O mundo ao seu redor
A miséria, o sofrimento, a dor
A desgraça, o desespero, o horror
E... a cara do mundo infame.

Ambos transgridem a Lei de Deus
Escarram nos semelhantes seus
Depois pedem clemência
Se dizem cheios de amor
Desde que... as mãos dos excluídos
Não maculem o verbo SER
E não subtraiam do verbo TER
Afinal...
Este é um mundo animal
Este é um mundo real.

Poesia criada em 3 de outubro de 1995, Arroio do Meio.

quarta-feira, 27 de junho de 2012

Divagação

No caminho, retratos
Sem vida, abstratos
Desvios adjacentes
Nada convincentes
Pintam à noite
Ocultam a lua
Disseminando incertezas
Ensaiando proezas
Pairando no ar...
E... a brisa morna, pesada
Encharcando a alma
Tirando-lhe a calma
Fazendo-a vagar ao léu
Bem longe do céu
Em busca de quem
Em busca de alguém
Que sirva de apoio
Que seque uma lágrima
Que traga consolo
Que diga amém
Que faça afagos
Sem causar estragos
Que faça adormecer
Estendendo o sentido de ser
Feliz
E... nada mais.

Poesia criada em setembro de 1995, Arroio do Meio.

Grande Homem

O grande homem vivia isolado
As grades da altura dos céus
Tão pontiagudas, espetavamos olhos de Deus
Desconhecia os semelhantes seus
Pensava ter vida eterna, coitado
Miserável, mesquinho, cercado
Amarrado à sua rica mansão
Não tinha ninguém por irmão
Em suas cobranças era sarcástico
Sem piedade, sem dor, fantástico
Desconhecia o sentido da palavra "amor"
Era único, absoluto, independente
Sabedor de tudo, onipotente
Mas...
Um dia o sino da igreja badalou
O grande homem tombou
Dele ninguém lembrou
A não ser pelo que cobrou
Ao cemitério alguns o levaram
Em seu túmulo não choraram
Com cimento seu corpo lacraram
E seu dinheiro também...
Nem uma flor
Nem uma dor
Nenhum amor
E... tudo passou.

Poesia criada em agosto de 1995, Arroio do Meio.

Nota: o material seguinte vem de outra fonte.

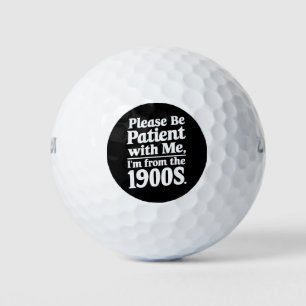 Bitte haben Sie Geduld mit mir, ich bin aus den 19 Golfball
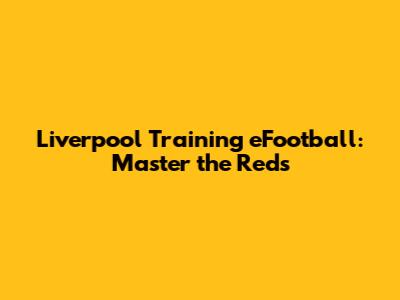 Liverpool Training eFootball: Master the Reds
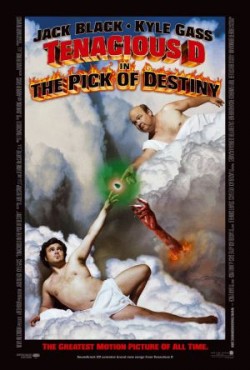 Tenacious D in The Pick of Destiny - 2006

terça-feira, 26 de junho de 2012

Vida Nascendo... Vida Morrendo...

VIDA NASCENDO

Num momento de amor
No desabrochar da flor
No amanhecer do dia
Numa gota de orvalho
No olhar de Maria
No caminho, no atalho
Num casebre qualquer
No fundo da mata
Muito além da cascata
Onde canta a cotovia
Num berço de palha
Num Jesus menino rei
Numa lição de humildade
Dizendo à humanidade
Que a maior felicidade
É estar bem com a consciência
É estar de bem com Deus.

VIDA MORRENDO

Na mata incendiada
Na terra inundada
Na poluição ambiental
Num quarto de hospital
No fim da esperança
No desajuste social
Num desrespeito
Numa grosseria
Numa mente doentia
Numa ambição desenfreada
Num país falido
Num povo traído
Num filho desnutrido
Numa corrupção total
Numa justiça parcial
Na falta de um Deus
Na visão tapada dos ateus
Numa porfunda dor
Na falta de amor
No fim da noite
após... um longo açoite.

Poesia criada em agosto de 1995, Arroio do Meio

segunda-feira, 25 de junho de 2012

Detalhes

Juizes decidem jogos, balbúrdias
Senhores oprimem fracos, distúrbios
A roda da vida, o circo do fel
Confusões, incertezas, Babel
Na calçada um mendigo imundo
No andar logo acima, o dono do mundo
Um mendigando envolto em fezes
Outro esbelto, bebidas leves
Um terceiro passa apressado
Atrás, nervoso, anda o credor
Uma prostituta cheia de amor
Um gigolô explorando o labor
As rezas saindo da igreja, pro céu
No meio do caminhos os anjos as levam
Um santo lhes entrega um troféu
No jardim as rosas já murcham
As formigas suas pétalas carregam
Um negociante, quebrado, sem rumo
Procura uma corda para se enforcar
A corda ele não pagou
Por isso o homem da lei julgou
E como sentença lhe dá
Vinte arrobas de brasas, a arder
Pra se queimar
no fundo do inferno
até cinzas virar...

Poesia criada em 13 de julho de 1995, Arroio do Meio.

sábado, 23 de junho de 2012

Meditação

Chuva insistente
Calçadas molhadas
Olhar desolado
A espera do sol
Pessoas caminhando
Sapatos molhados
Cachorro pulguento
Olhar desconfiado
Todo enrolado
Debaixo da escada
Goteiras caindo
Janelas fechadas
A lenha queimando
Fumaça cheirando
Cozinha esquentando
Chaleira chiando
Pipoca estourando
Seu doce sabor
Aconchegante calor
Clima porpício pro amor
A noite chegando
O aguaceiro seguindo
Batendo no zinco
As pessoas dormindo
O cachorro latindo
Quabrando o silêncio
A paz profanando
Em sua vida de cão
Mas... o tempo segue
E... a vida também.

Poesia criada em julho de 1995, Arroio do Meio.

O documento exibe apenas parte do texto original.